The parties had entered into contracts, pursuant to which the Defendant was required to pay the Claimant commission in respect of services provided by the Claimant.
Further, the Claimant argued that the Defendant had terminated the last contract without justification, causing the Claimant to incur financial and moral losses estimated at AED 500, 000.
The Defendant argued that the Court did not have jurisdiction due to the existence of an arbitration clause. The Claimant filed a precautionary application requesting that the case be transferred to arbitration and that it is supervised by the court.
The lower court issued a judgment confirming that it did not have jurisdiction due to the existence of the arbitration clause and accordingly, the Claimant’s objection on jurisdictional points was dismissed.
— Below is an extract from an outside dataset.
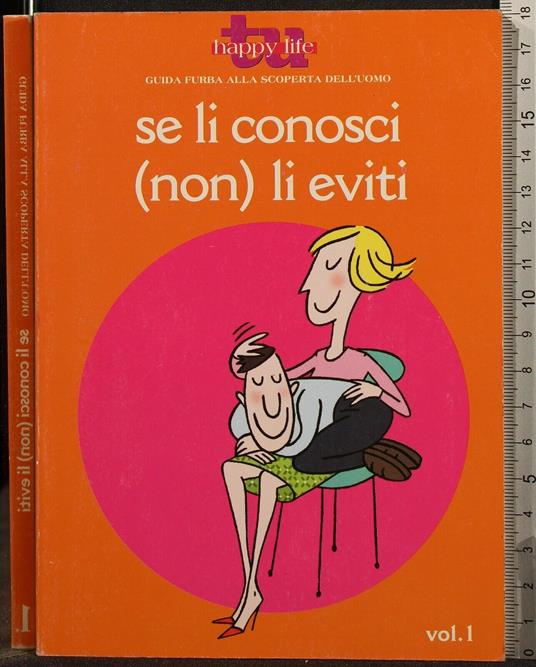 Se Li Conosci (Non) Li Eviti. Vol 1 - copertina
The Claimant appealed this judgment; however, the Court of Appeal issued a judgment confirming the lower court’s judgment.
The Claimant appealed to the Court of Cassation.
The Claimant’s appeal to the Court of Cassation was based on five grounds, all of which, save for the fourth ground, were based on the premise that the lower court incorrectly applied the law and the discovery of evidence was unsound.
The evidence submitted to the courts included correspondence between the parties in respect of the appointment of an arbitrator. The Defendant had replied to a letter sent by the Claimant concerning the arbitration which stated that there was no reason to refer the matter to arbitration. The lower courts did not treat this as a waiver of the arbitration clause.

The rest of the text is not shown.